Building blocks (with mini sandwich intros):

🍞 Hook: You know how a good to-do list keeps you on track. 🥬 The Concept: Planning & Task Decomposition means turning a fuzzy goal into ordered steps and revising them as you learn. How: Reverse engineer plans from expert reports; filter for plan–execution consistency. Why: Without it, the agent wanders. 🍞 Anchor: “Compare 3 EV battery chemistries” becomes: define metrics → gather lab data → cross-check safety recalls → write summary.

🍞 Hook: Imagine a treasure hunt where each clue points to the next. 🥬 The Concept: Deep Information Seeking is multi-hop, multi-document discovery that connects hidden entities. How: Use knowledge-graph subgraphs (verified via web) and hyperlink walks to craft hard quests; filter out easy ones. Why: Without it, the agent misses key evidence. 🍞 Anchor: From a company to its suppliers to policy changes to price swings.

🍞 Hook: Everyone makes mistakes; great students fix them. 🥬 The Concept: Reflection & Verification teaches the agent to find its own errors and check facts across sources. How: Closed loops of attempt → verify → reflect → retry; multi-agent teacher traces for fact checking.
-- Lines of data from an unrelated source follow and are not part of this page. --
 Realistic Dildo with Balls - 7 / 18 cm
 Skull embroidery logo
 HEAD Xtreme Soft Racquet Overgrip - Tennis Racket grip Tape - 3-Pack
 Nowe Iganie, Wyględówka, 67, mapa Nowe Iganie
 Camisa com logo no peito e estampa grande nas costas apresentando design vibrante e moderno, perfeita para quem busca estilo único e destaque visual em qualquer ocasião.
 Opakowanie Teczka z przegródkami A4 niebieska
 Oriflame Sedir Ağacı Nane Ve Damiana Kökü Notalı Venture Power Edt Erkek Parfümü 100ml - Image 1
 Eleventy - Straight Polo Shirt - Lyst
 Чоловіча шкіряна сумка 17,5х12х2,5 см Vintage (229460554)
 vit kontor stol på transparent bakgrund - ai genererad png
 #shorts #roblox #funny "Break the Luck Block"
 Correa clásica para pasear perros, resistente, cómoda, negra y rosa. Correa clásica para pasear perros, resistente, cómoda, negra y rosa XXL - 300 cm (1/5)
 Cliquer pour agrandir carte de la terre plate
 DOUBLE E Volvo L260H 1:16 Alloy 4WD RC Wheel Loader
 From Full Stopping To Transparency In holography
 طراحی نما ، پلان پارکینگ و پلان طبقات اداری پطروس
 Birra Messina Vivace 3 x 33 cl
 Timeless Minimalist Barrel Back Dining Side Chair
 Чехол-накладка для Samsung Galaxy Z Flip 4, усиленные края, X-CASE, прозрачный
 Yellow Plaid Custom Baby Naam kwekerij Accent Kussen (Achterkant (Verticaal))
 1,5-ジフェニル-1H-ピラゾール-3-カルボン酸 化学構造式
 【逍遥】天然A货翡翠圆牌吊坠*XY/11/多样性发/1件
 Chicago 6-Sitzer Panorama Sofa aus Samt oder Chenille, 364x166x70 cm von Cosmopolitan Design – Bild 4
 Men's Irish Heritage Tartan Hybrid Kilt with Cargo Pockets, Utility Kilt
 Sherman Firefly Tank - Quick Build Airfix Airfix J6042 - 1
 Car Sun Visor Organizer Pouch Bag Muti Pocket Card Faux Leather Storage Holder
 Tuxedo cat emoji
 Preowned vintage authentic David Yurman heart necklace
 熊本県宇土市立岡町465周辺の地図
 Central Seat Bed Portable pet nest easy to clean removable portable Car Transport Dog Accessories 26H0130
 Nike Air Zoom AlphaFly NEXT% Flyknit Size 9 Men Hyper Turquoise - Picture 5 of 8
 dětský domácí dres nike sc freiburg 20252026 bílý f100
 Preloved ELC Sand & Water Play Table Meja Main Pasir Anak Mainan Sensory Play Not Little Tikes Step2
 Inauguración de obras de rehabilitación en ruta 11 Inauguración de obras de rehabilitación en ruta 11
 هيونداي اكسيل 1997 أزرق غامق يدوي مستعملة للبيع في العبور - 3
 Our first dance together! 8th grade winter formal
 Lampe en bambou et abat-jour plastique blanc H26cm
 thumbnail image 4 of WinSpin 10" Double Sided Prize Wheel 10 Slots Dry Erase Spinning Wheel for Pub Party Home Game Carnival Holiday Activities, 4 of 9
Why: Without it, confident errors slip through. 🍞 Anchor: “My date is wrong—source A says 2022, but the official site says 2023—update and cite.”

🍞 Hook: A pile of notes isn’t a report. 🥬 The Concept: Report Generation turns fragments into a clear, cited narrative. How: Mid-training for style and depth; SFT to obey formats and plans. Why: Without it, readers can’t use the findings. 🍞 Anchor: Executive summary → sections → citations matching claims.

Together these blocks, plus staged training and rubric rewards, deliver an affordable single-agent ReAct researcher that rivals larger, pricier systems.

03Methodology

At a high level: User query → Plan (atomic actions) → Search and gather (tools) → Cross-verify and reflect → Draft and edit report → Judge with rubrics → Output.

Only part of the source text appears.